## DIRECTIONS FOR THIS TASK
A faithful copy is needed of the lines below from the one with "Used 2019 Jeep" up to and including the one with "Chanel Lambskin Ultimate"; set it down with no pictures and no other lines.

## INPUT MATERIAL
==================================================

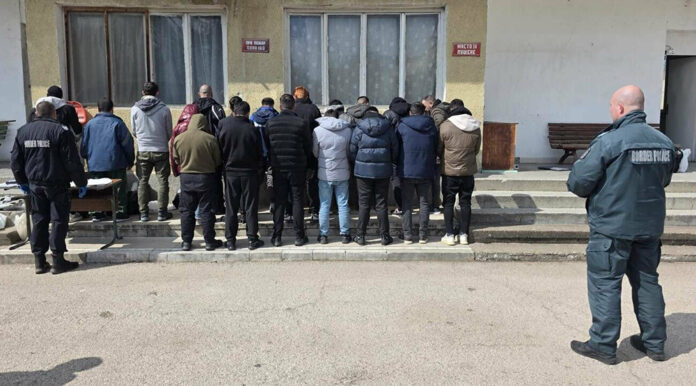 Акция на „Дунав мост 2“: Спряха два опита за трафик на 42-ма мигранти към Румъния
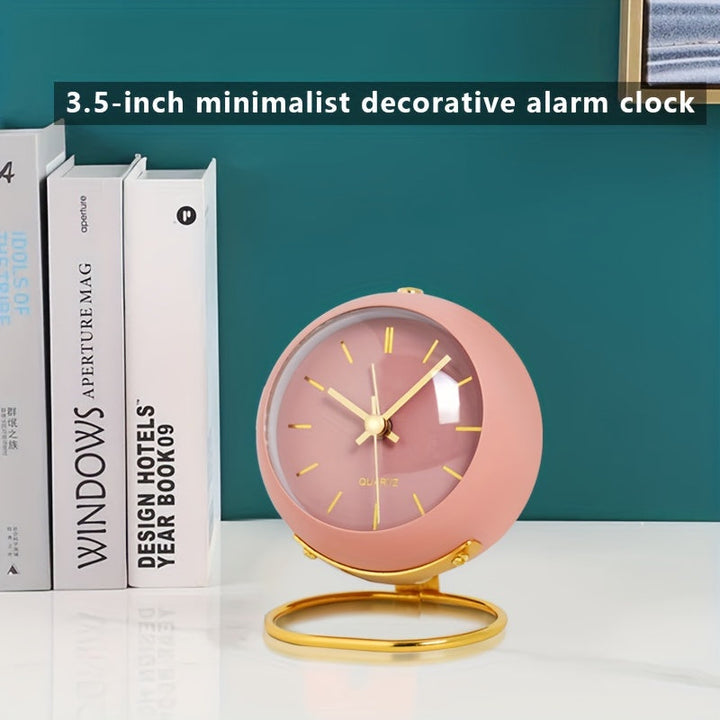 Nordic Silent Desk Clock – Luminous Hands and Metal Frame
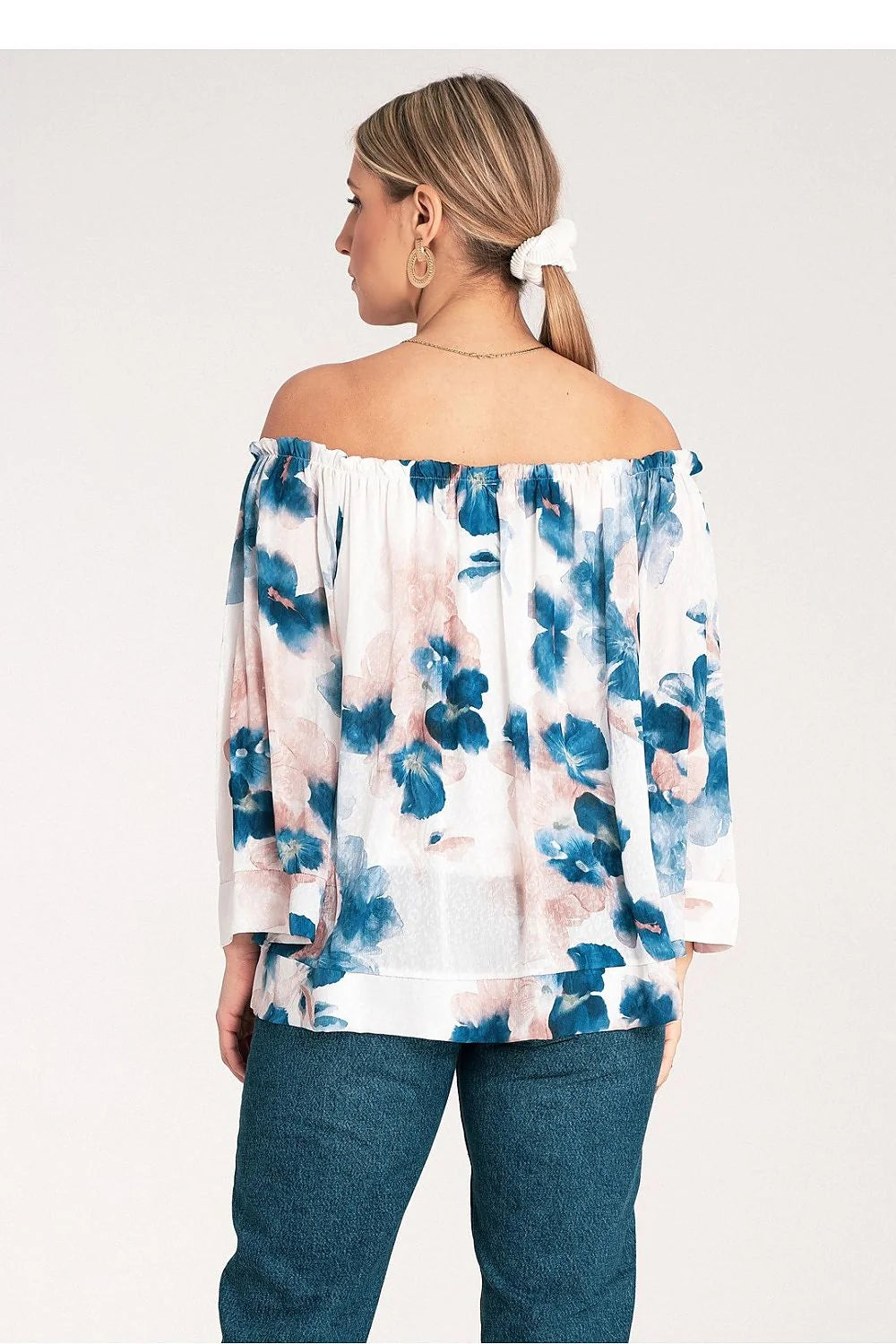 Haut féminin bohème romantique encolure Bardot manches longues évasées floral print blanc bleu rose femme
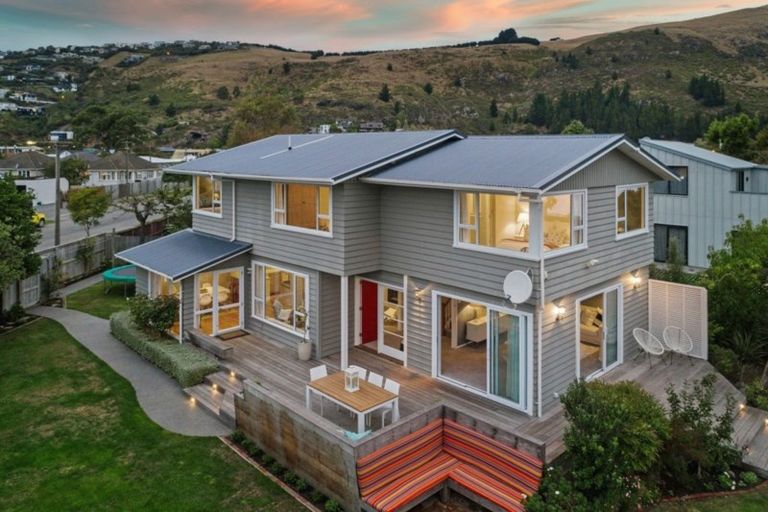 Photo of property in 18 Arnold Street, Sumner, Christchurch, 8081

==================================================

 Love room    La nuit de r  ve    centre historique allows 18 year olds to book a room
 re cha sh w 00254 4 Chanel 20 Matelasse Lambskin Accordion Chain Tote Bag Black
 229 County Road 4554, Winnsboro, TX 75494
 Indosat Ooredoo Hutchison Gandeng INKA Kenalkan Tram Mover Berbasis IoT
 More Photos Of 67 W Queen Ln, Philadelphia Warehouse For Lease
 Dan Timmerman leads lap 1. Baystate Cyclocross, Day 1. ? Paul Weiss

==================================================

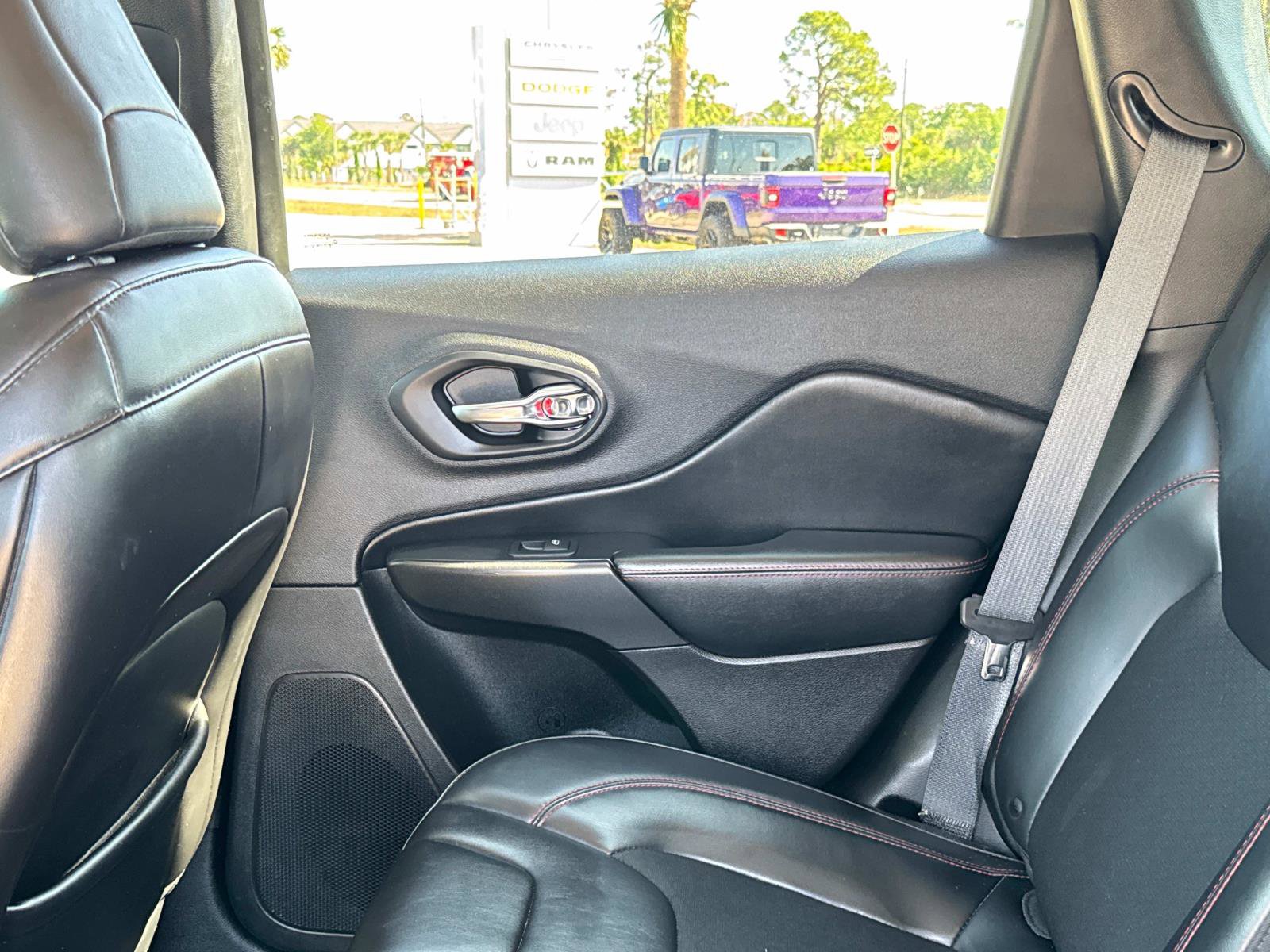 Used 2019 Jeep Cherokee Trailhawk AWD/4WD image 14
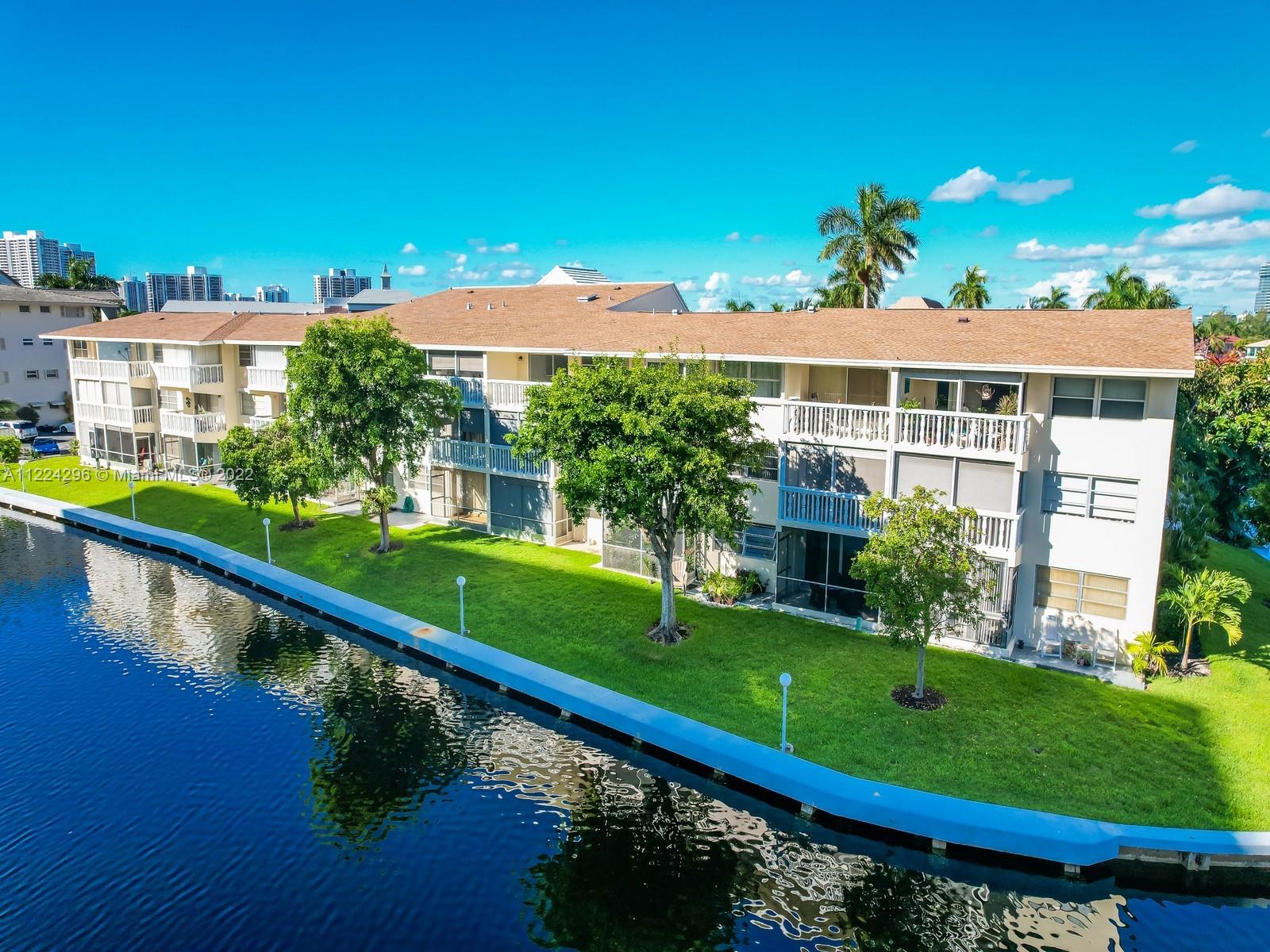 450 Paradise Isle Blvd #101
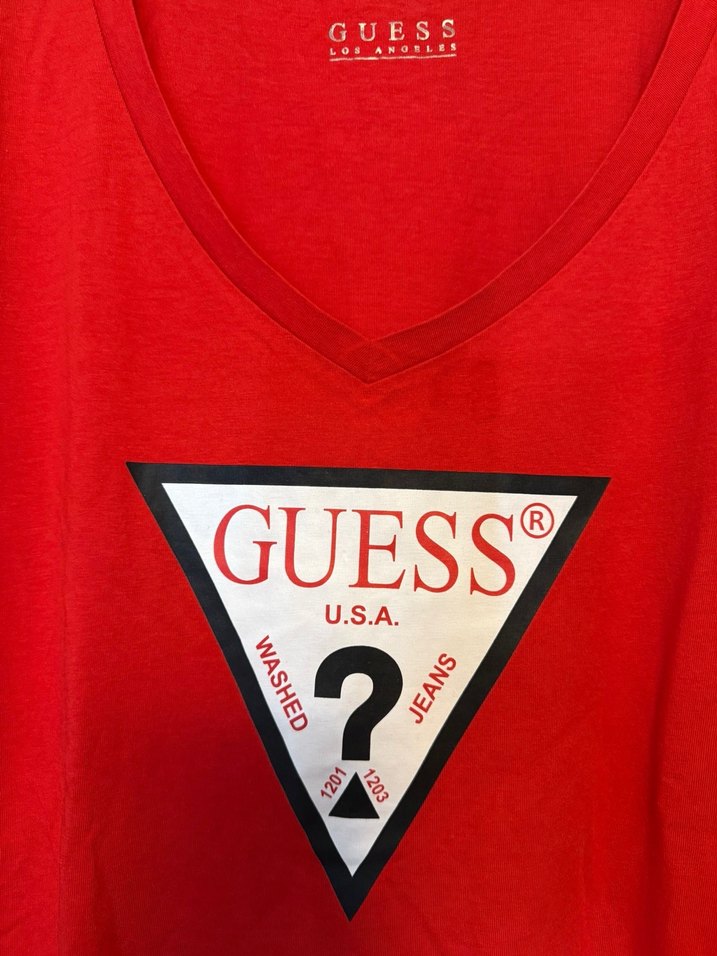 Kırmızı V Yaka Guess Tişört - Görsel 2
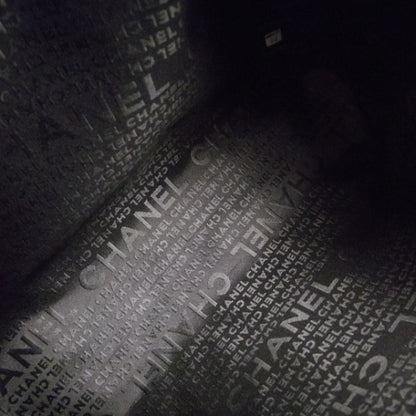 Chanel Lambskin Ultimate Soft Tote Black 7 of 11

==================================================

## WORKED SOLUTION
 Used 2019 Jeep Cherokee Trailhawk AWD/4WD image 14
 450 Paradise Isle Blvd #101
 Kırmızı V Yaka Guess Tişört - Görsel 2
 Chanel Lambskin Ultimate Soft Tote Black 7 of 11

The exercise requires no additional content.